--- START ---
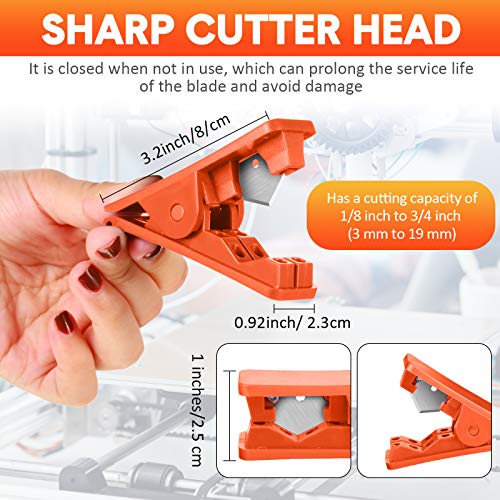 3 Pieces PTFE Plastic Tubing Cutter Hose Tube Cutter Pipe Accurate Tube Cutting Tool for Nylon PVC PU Tubing and Hose Cut up to 3/4 Inch OD (Red) - color: Red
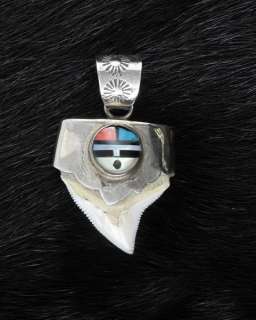 Indian Sunface Shark Tooth 925 Sterling Silver Pendant  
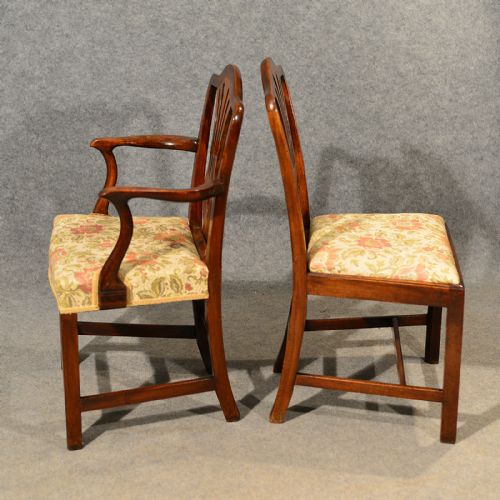 fig 3. Antique Dining Chairs Set of 6 With Carvers Chippendale English Georgian c1800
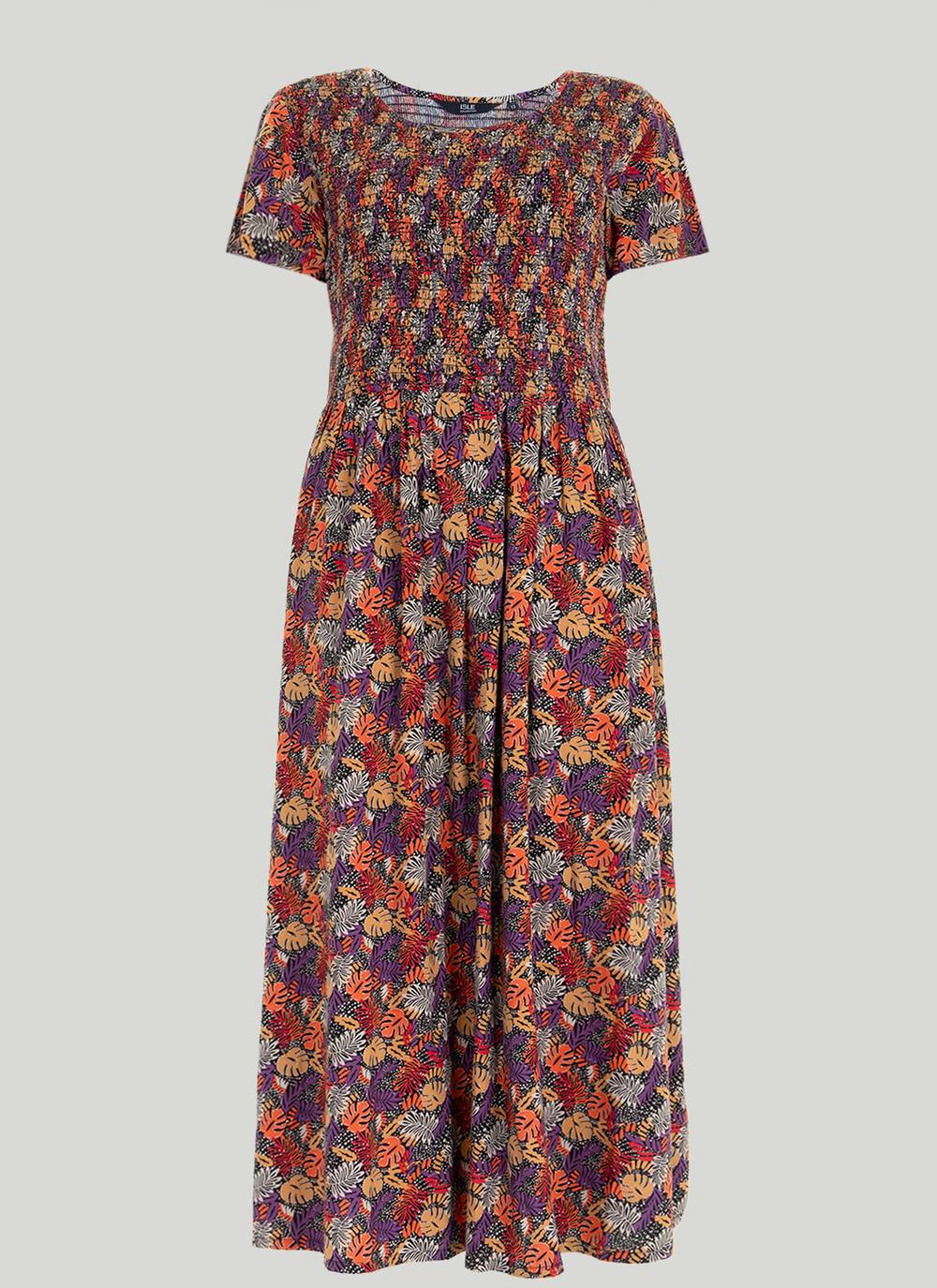 Shirred Bodice Print Midi Dress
--- END ---
> **What you are asked to do**
Working from the line that contains "fig 3. Antique" to the last line of the listing, please quote each line exactly, pictures excluded.

> **Written reply**
 fig 3. Antique Dining Chairs Set of 6 With Carvers Chippendale English Georgian c1800
 Shirred Bodice Print Midi Dress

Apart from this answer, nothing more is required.